A scatter plot is a fundamental statistical chart for showing the relationship between two numeric variables. One variable is assigned to the X-axis and the other to the Y-axis, and each observation is plotted as a point. The distribution of points reveals correlation, trends, clusters, and outliers.
Historical Background
Scatter plots became important in the nineteenth century through the work of statisticians and scientists such as John Herschel and Francis Galton. Galton’s studies of height, correlation, and regression helped establish the analytical value of point-based comparison.
Data Structure
| Data | Role |
|---|---|
| X value | Horizontal position |
| Y value | Vertical position |
| Observation | One plotted point |
| Optional category | Color or shape |
| Optional size | Additional quantitative variable |
Purpose
The purpose is to understand how two variables move together.
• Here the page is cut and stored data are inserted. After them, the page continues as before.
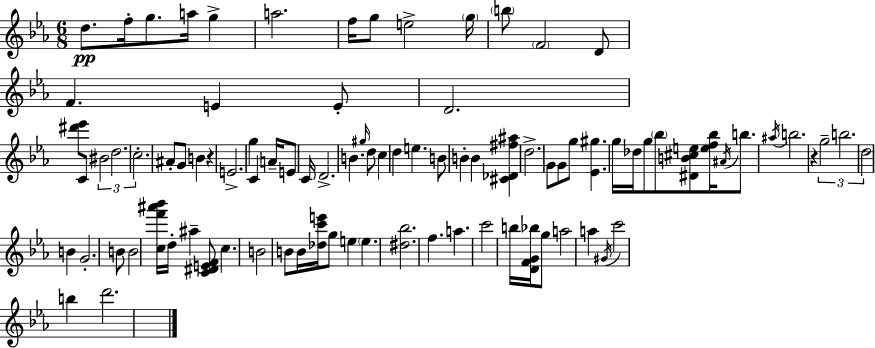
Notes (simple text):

D5/e. F5/s G5/e. A5/s G5/q A5/h. F5/s G5/e E5/h G5/s B5/e F4/h D4/e F4/q. E4/q E4/e D4/h. [D#6,Eb6]/e C4/e BIS4/h D5/h. C5/h. A#4/e G4/e B4/q R/q E4/h. G5/q C4/q A4/s E4/e C4/s D4/h. B4/q. G#5/s D5/e C5/q D5/q E5/q. B4/e B4/q B4/q [C#4,Db4,F#5,A#5]/q D5/h. G4/e G4/e G5/e [Eb4,G#5]/q. G5/s Db5/s G5/e Bb5/e [D#4,B4,C#5,E5]/e [E5,F5,Bb5]/s A#4/s B5/e. A#5/s B5/h. R/q G5/h B5/h. D5/h B4/q G4/h. B4/e B4/h [C5,F6,A#6,Bb6]/s D5/s A#5/q [C4,D#4,E4,F4]/e C5/q. B4/h B4/e B4/s [Db5,C6,E6]/s G5/e E5/q E5/q. [D#5,Bb5]/h. F5/q. A5/q. C6/h B5/s [D4,F4,G4,Bb5]/s G5/e A5/h A5/q G#4/s C6/h B5/q D6/h.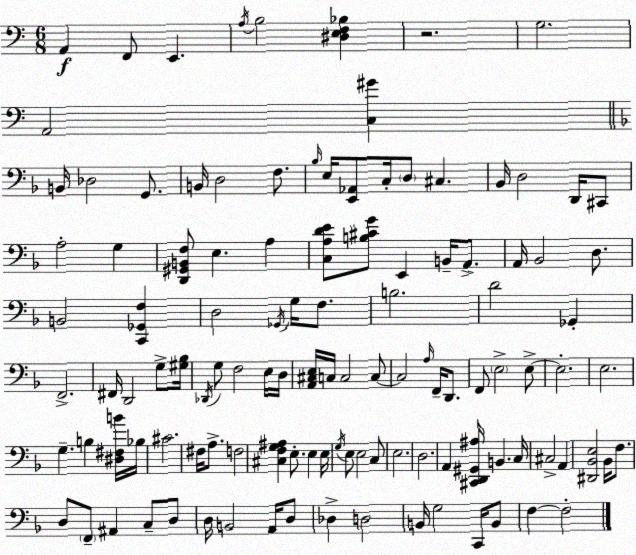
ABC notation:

X:1
T:Untitled
M:6/8
L:1/4
K:Am
A,, F,,/2 E,, A,/4 B,2 [^D,E,F,_B,] z2 G,2 A,,2 [C,^G] B,,/4 _D,2 G,,/2 B,,/4 D,2 F,/2 _B,/4 E,/4 [E,,_A,,]/2 C,/4 D,/2 ^C, _B,,/4 D,2 D,,/4 ^C,,/2 A,2 G, [D,,^G,,B,,F,]/2 E, A, [C,A,DE]/2 [B,^CG]/2 E,, B,,/4 A,,/2 A,,/4 _B,,2 D,/2 B,,2 [C,,_G,,F,] D,2 _G,,/4 G,/4 F,/2 B,2 D2 _G,, F,,2 ^F,,/4 D,,2 G,/2 [^G,_B,]/4 _D,,/4 G,/2 F,2 E,/4 D,/4 [A,,^C,E,]/4 C,/4 C,2 C,/2 C,2 A,/4 F,,/4 D,,/2 F,,/2 E,2 E,/2 E,2 E,2 G, B, [^D,^F,B]/4 _B,/4 ^C2 ^F,/4 A,/2 F,2 [^C,F,G,^A,] E,/2 E, E,/4 G,/4 E,/2 E,2 C,/2 E,2 D,2 A,, [^C,,D,,^G,,^A,]/4 B,, C,/4 ^C,2 A,, [^D,,_B,,E,]2 _B,,/4 F,/2 D,/2 F,,/2 ^A,, C,/2 D,/2 D,/4 B,,2 A,,/4 D,/2 _D, D,2 B,,/4 G,2 C,,/4 B,,/2 F, F,2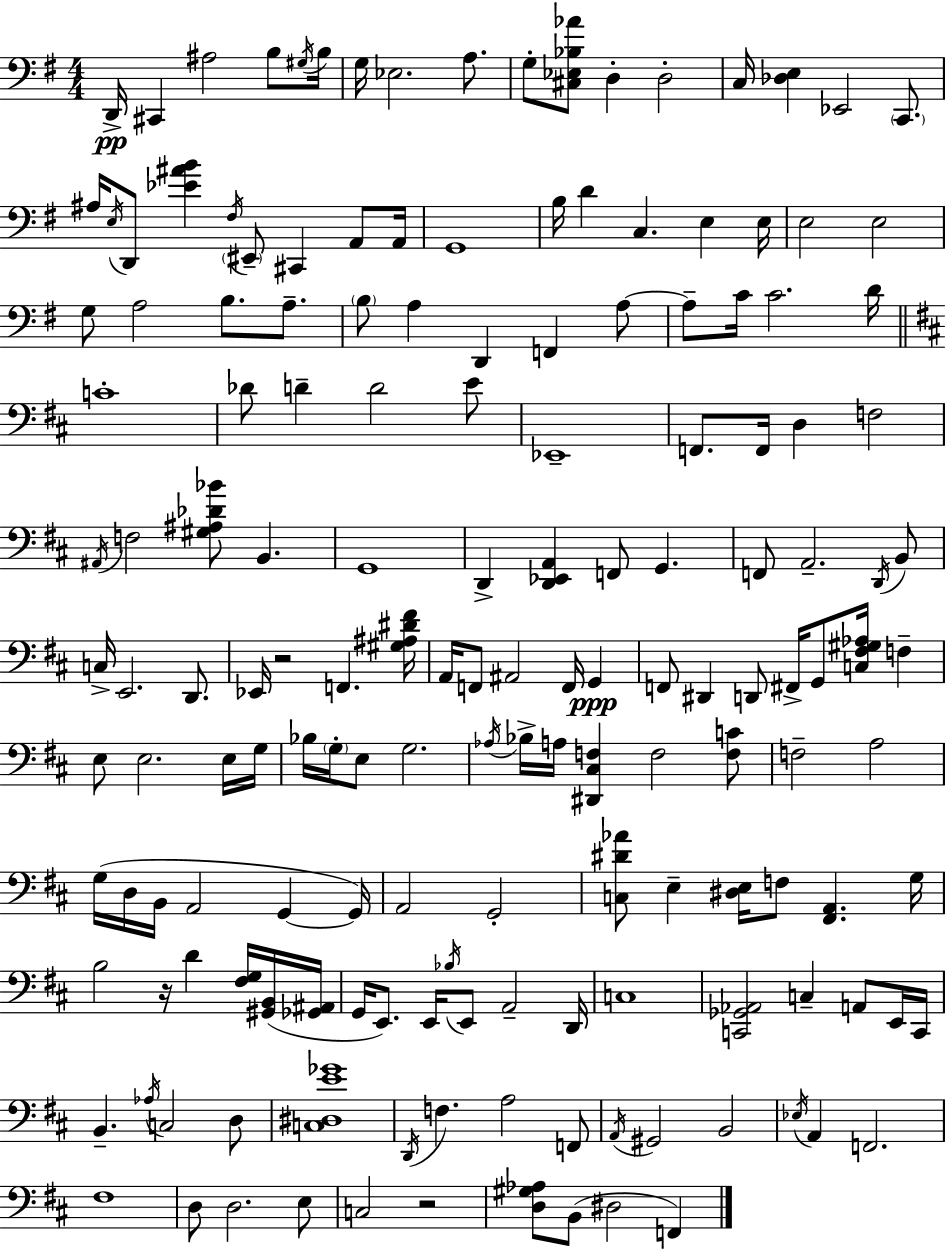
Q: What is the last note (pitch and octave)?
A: F2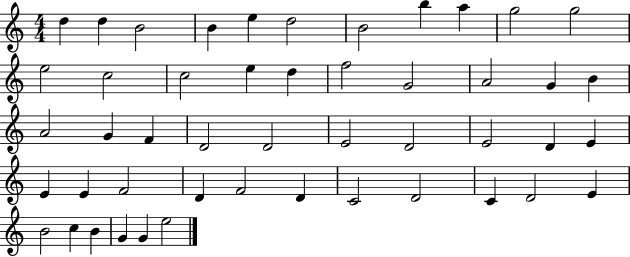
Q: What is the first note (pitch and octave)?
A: D5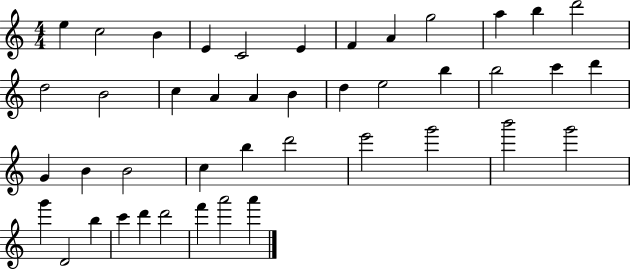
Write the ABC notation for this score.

X:1
T:Untitled
M:4/4
L:1/4
K:C
e c2 B E C2 E F A g2 a b d'2 d2 B2 c A A B d e2 b b2 c' d' G B B2 c b d'2 e'2 g'2 b'2 g'2 g' D2 b c' d' d'2 f' a'2 a'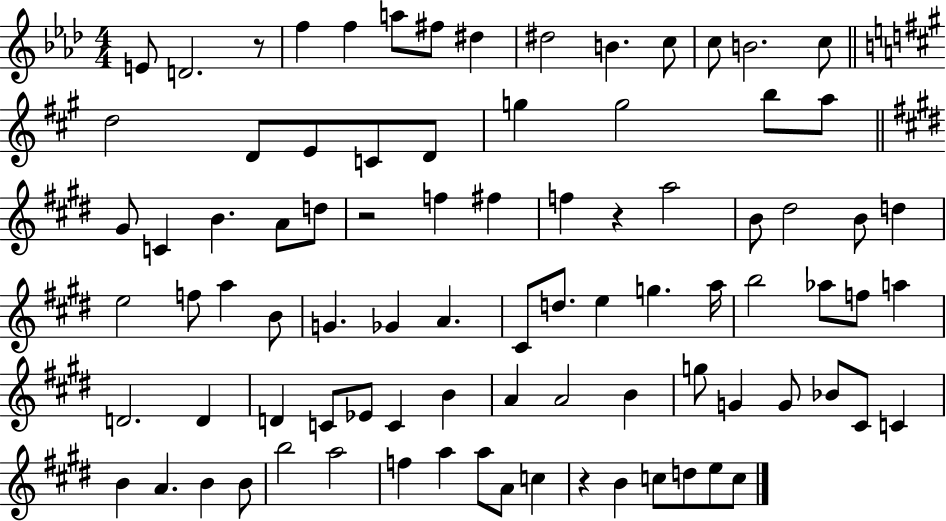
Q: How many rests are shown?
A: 4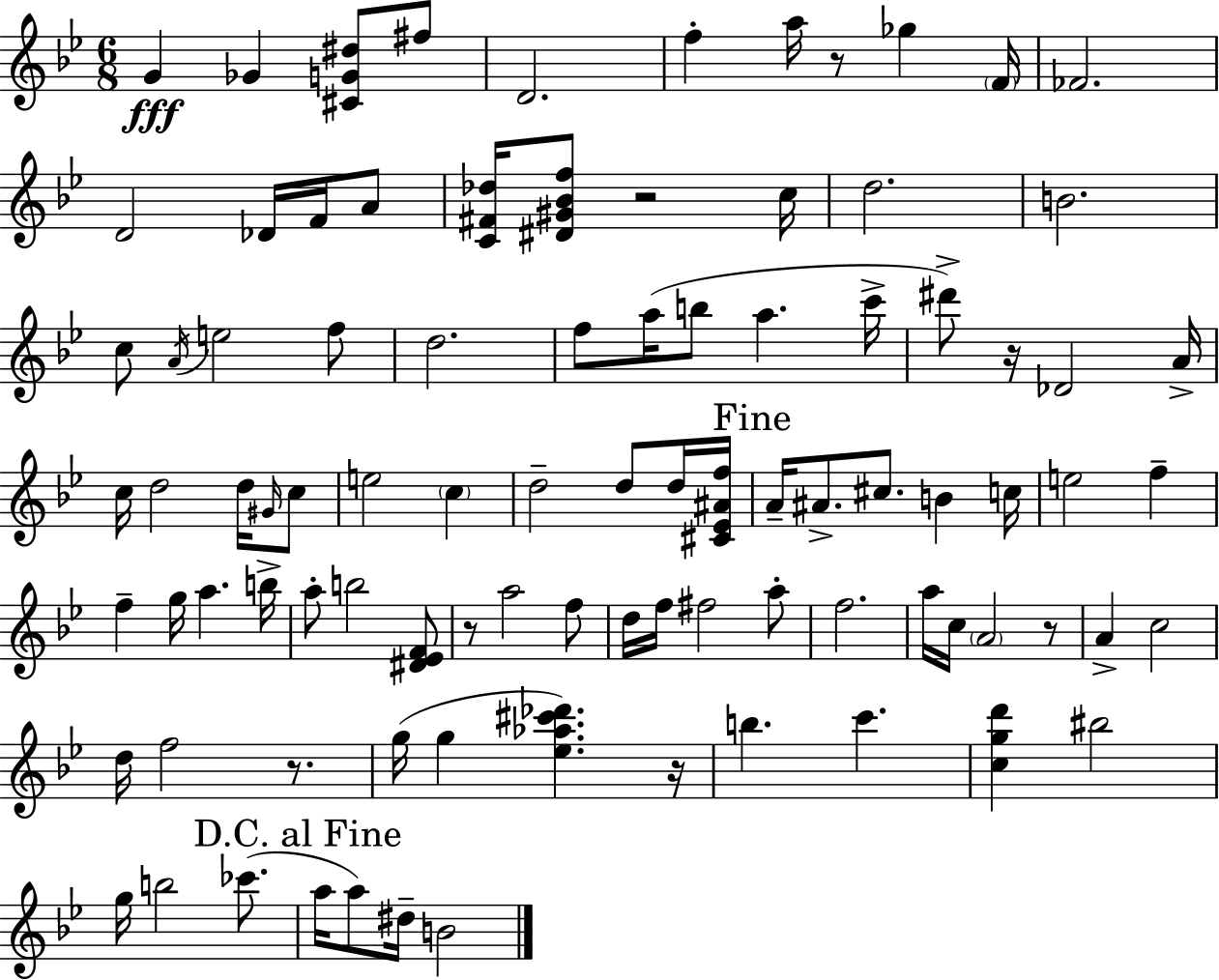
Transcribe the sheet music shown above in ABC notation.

X:1
T:Untitled
M:6/8
L:1/4
K:Bb
G _G [^CG^d]/2 ^f/2 D2 f a/4 z/2 _g F/4 _F2 D2 _D/4 F/4 A/2 [C^F_d]/4 [^D^G_Bf]/2 z2 c/4 d2 B2 c/2 A/4 e2 f/2 d2 f/2 a/4 b/2 a c'/4 ^d'/2 z/4 _D2 A/4 c/4 d2 d/4 ^G/4 c/2 e2 c d2 d/2 d/4 [^C_E^Af]/4 A/4 ^A/2 ^c/2 B c/4 e2 f f g/4 a b/4 a/2 b2 [^D_EF]/2 z/2 a2 f/2 d/4 f/4 ^f2 a/2 f2 a/4 c/4 A2 z/2 A c2 d/4 f2 z/2 g/4 g [_e_a^c'_d'] z/4 b c' [cgd'] ^b2 g/4 b2 _c'/2 a/4 a/2 ^d/4 B2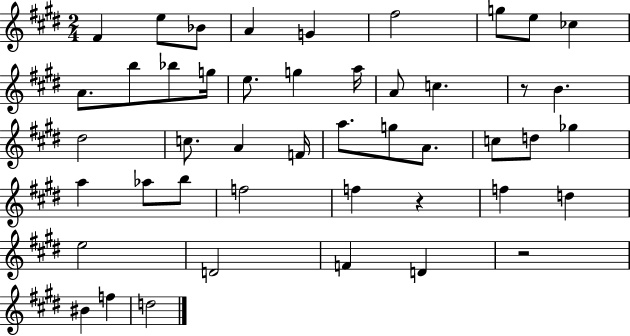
F#4/q E5/e Bb4/e A4/q G4/q F#5/h G5/e E5/e CES5/q A4/e. B5/e Bb5/e G5/s E5/e. G5/q A5/s A4/e C5/q. R/e B4/q. D#5/h C5/e. A4/q F4/s A5/e. G5/e A4/e. C5/e D5/e Gb5/q A5/q Ab5/e B5/e F5/h F5/q R/q F5/q D5/q E5/h D4/h F4/q D4/q R/h BIS4/q F5/q D5/h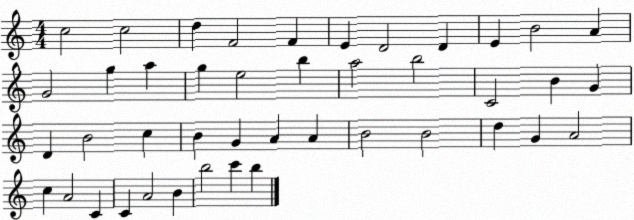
X:1
T:Untitled
M:4/4
L:1/4
K:C
c2 c2 d F2 F E D2 D E B2 A G2 g a g e2 b a2 b2 C2 B G D B2 c B G A A B2 B2 d G A2 c A2 C C A2 B b2 c' b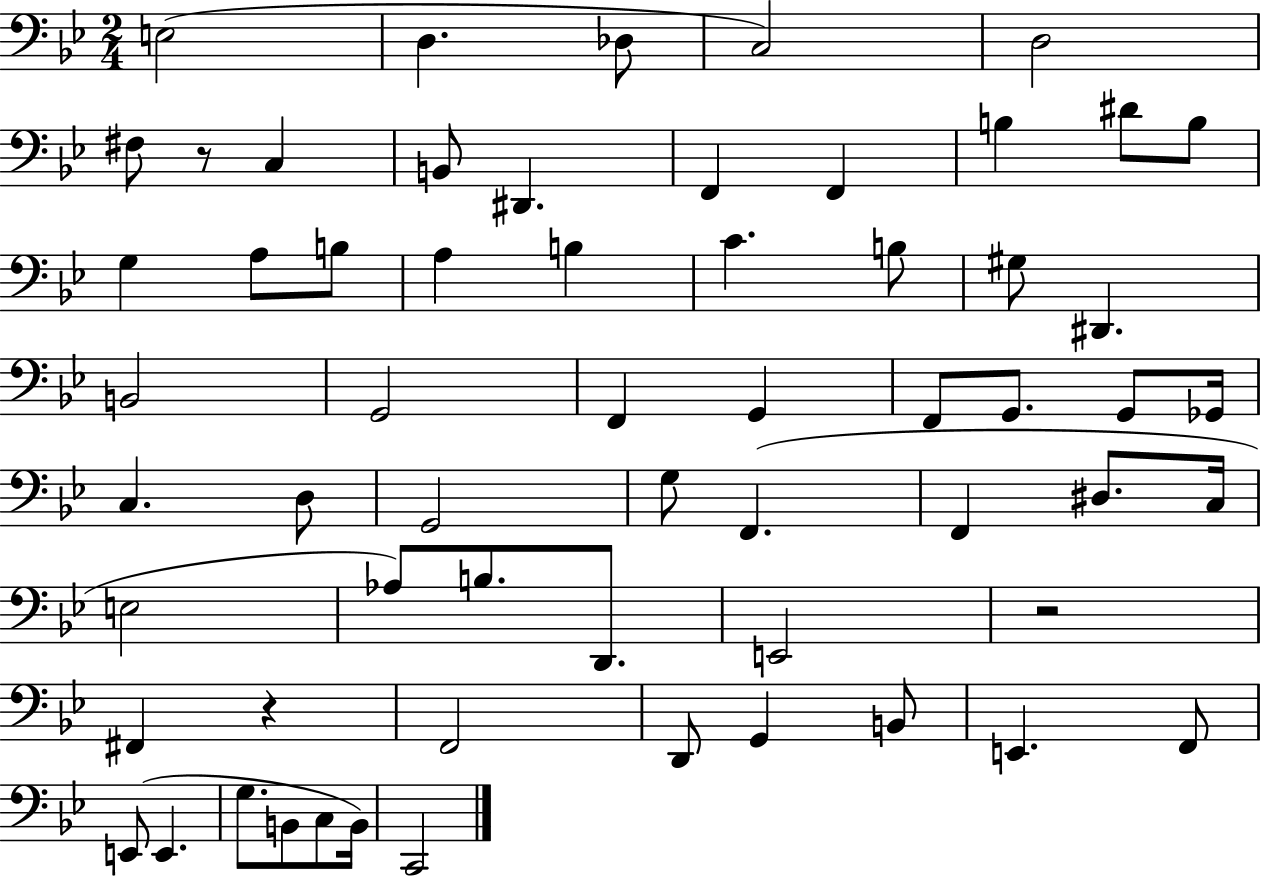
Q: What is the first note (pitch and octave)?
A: E3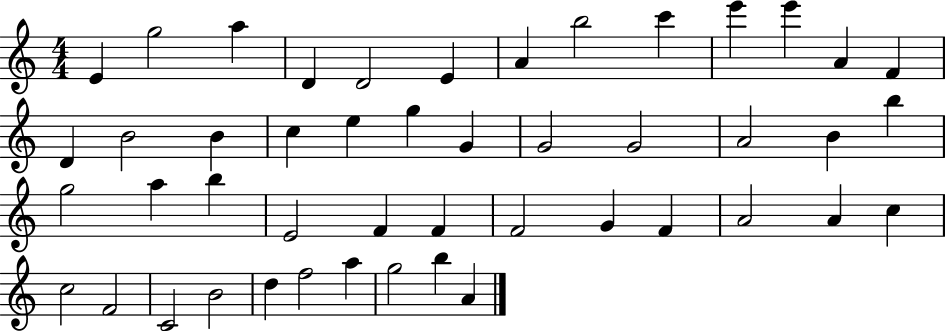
{
  \clef treble
  \numericTimeSignature
  \time 4/4
  \key c \major
  e'4 g''2 a''4 | d'4 d'2 e'4 | a'4 b''2 c'''4 | e'''4 e'''4 a'4 f'4 | \break d'4 b'2 b'4 | c''4 e''4 g''4 g'4 | g'2 g'2 | a'2 b'4 b''4 | \break g''2 a''4 b''4 | e'2 f'4 f'4 | f'2 g'4 f'4 | a'2 a'4 c''4 | \break c''2 f'2 | c'2 b'2 | d''4 f''2 a''4 | g''2 b''4 a'4 | \break \bar "|."
}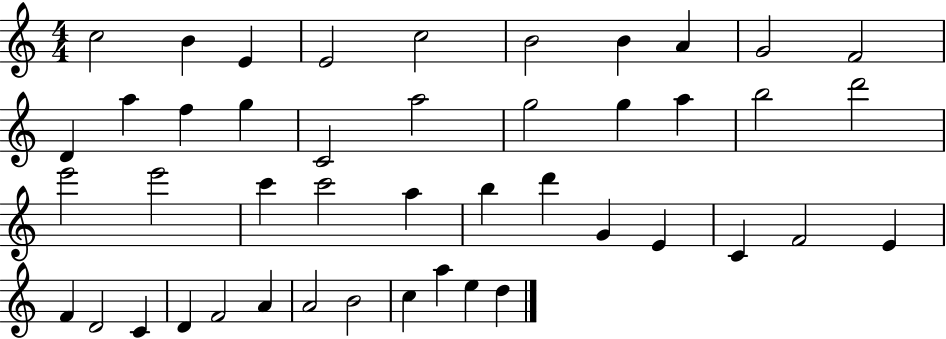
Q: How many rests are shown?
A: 0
A scatter plot can show positive correlation, negative correlation, nonlinear structure, clusters, or unusual observations.
Design Notes
- Start axes at meaningful ranges rather than automatically forcing zero.
- Use transparency when points overlap.
- Add trend lines only when they support the analysis.
- Use color for categories, not decoration.
- Consider a scatterplot matrix for many variables.
Summary
Scatter plots are one of the most important tools in exploratory data analysis. They are simple, flexible, and effective for revealing relationships between numeric variables.